Action item
What follows is a set of records; restate each one word for word and drop the pictures.

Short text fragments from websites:
Content starts

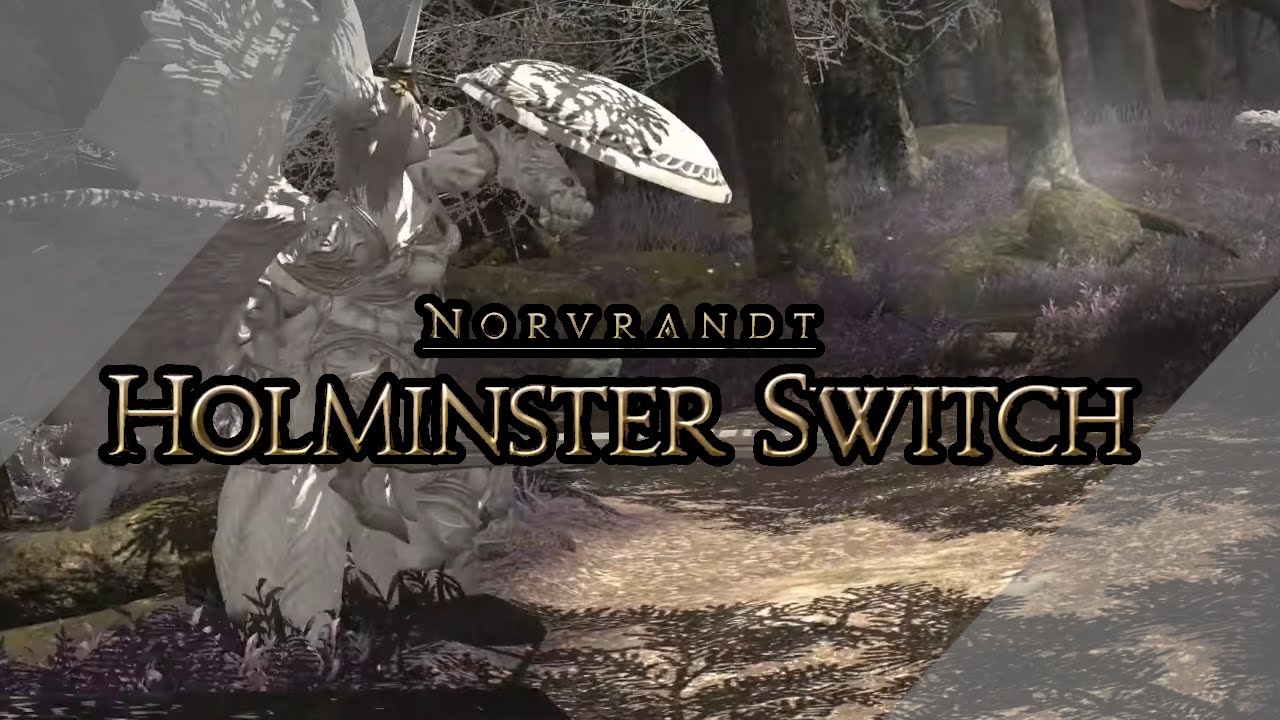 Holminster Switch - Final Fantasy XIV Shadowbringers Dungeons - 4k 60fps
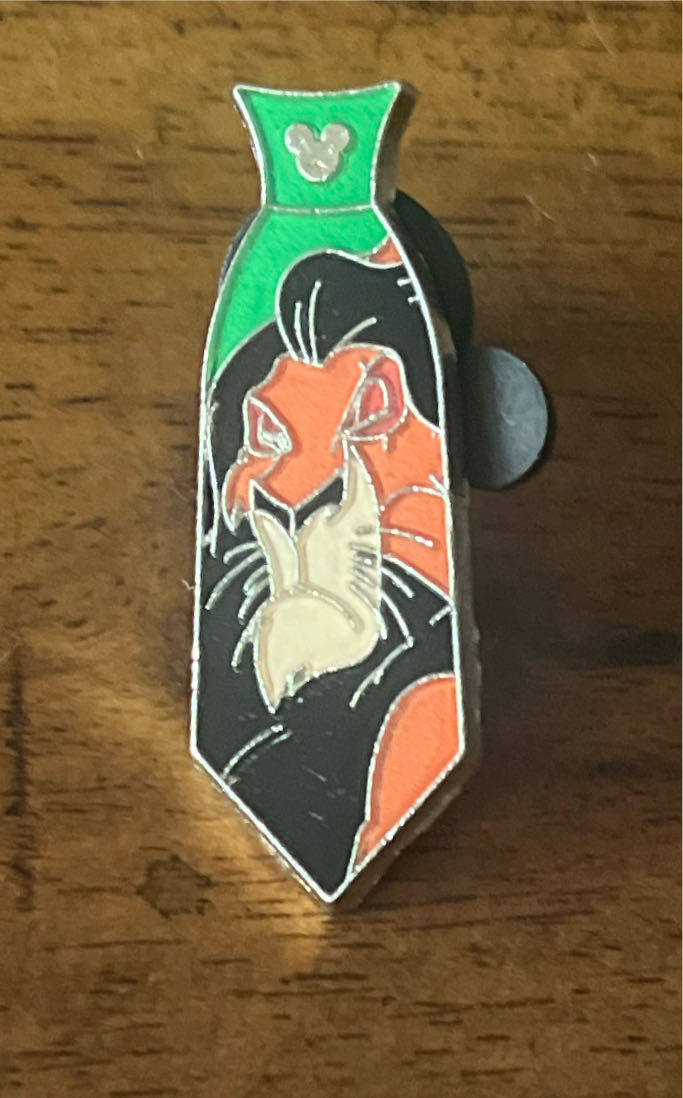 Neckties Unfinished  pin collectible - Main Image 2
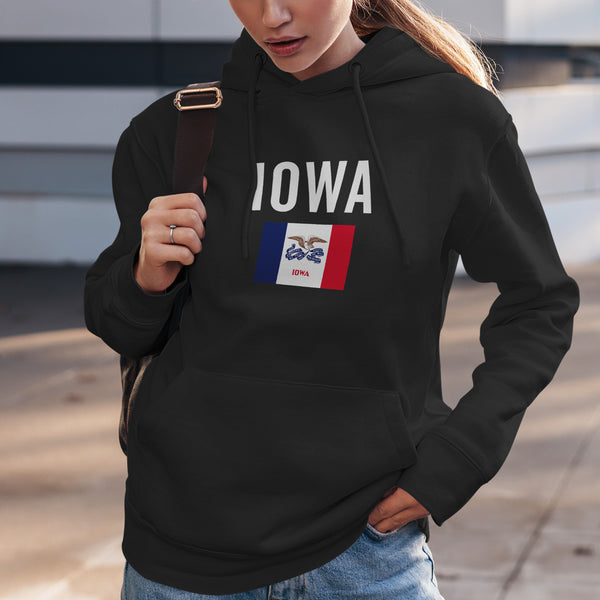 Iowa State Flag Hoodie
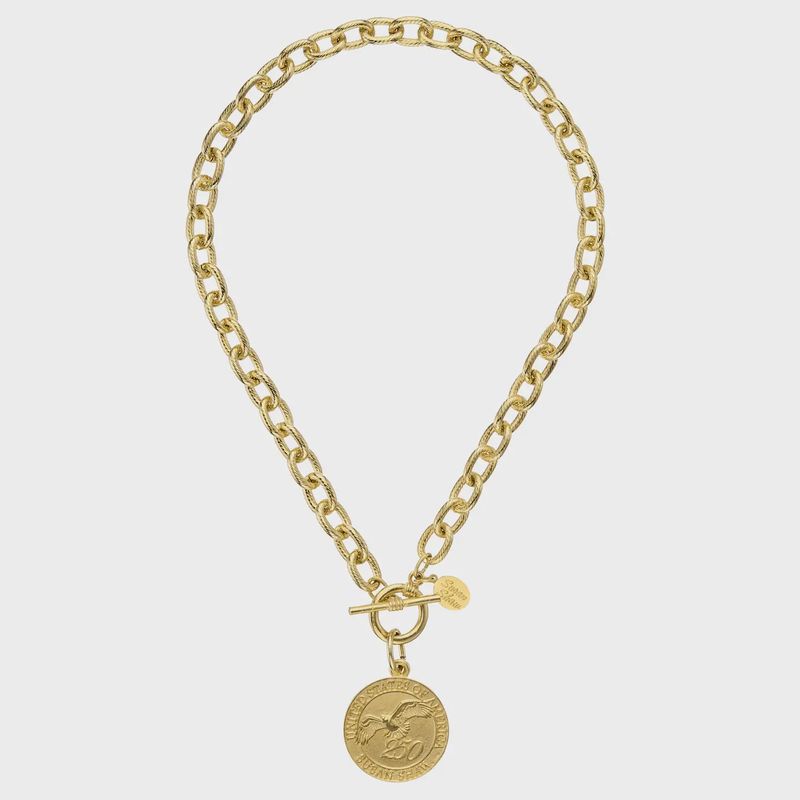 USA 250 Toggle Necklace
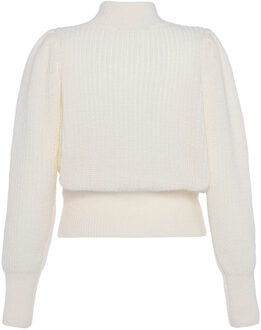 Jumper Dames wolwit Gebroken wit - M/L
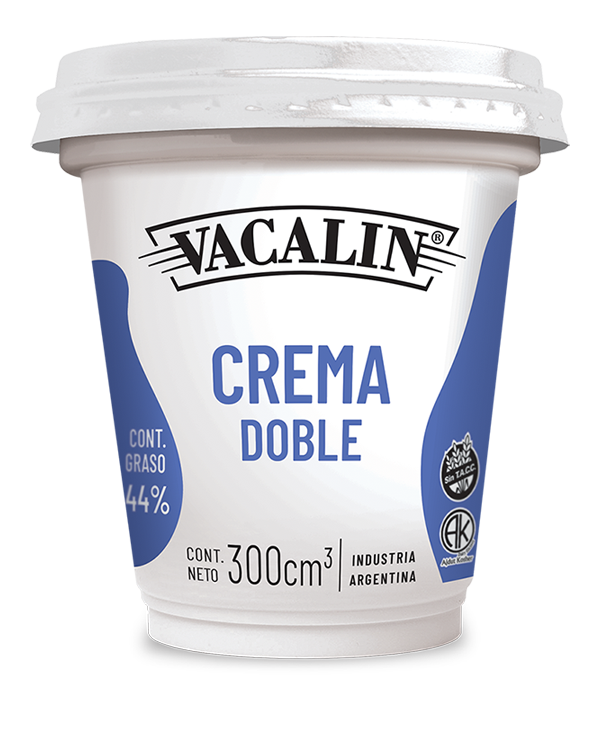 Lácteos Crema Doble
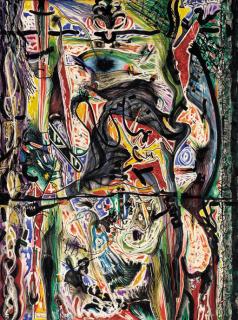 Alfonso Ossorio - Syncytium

Content ends

Exercise output
 Holminster Switch - Final Fantasy XIV Shadowbringers Dungeons - 4k 60fps
 Neckties Unfinished  pin collectible - Main Image 2
 Iowa State Flag Hoodie
 USA 250 Toggle Necklace
 Jumper Dames wolwit Gebroken wit - M/L
 Lácteos Crema Doble
 Alfonso Ossorio - Syncytium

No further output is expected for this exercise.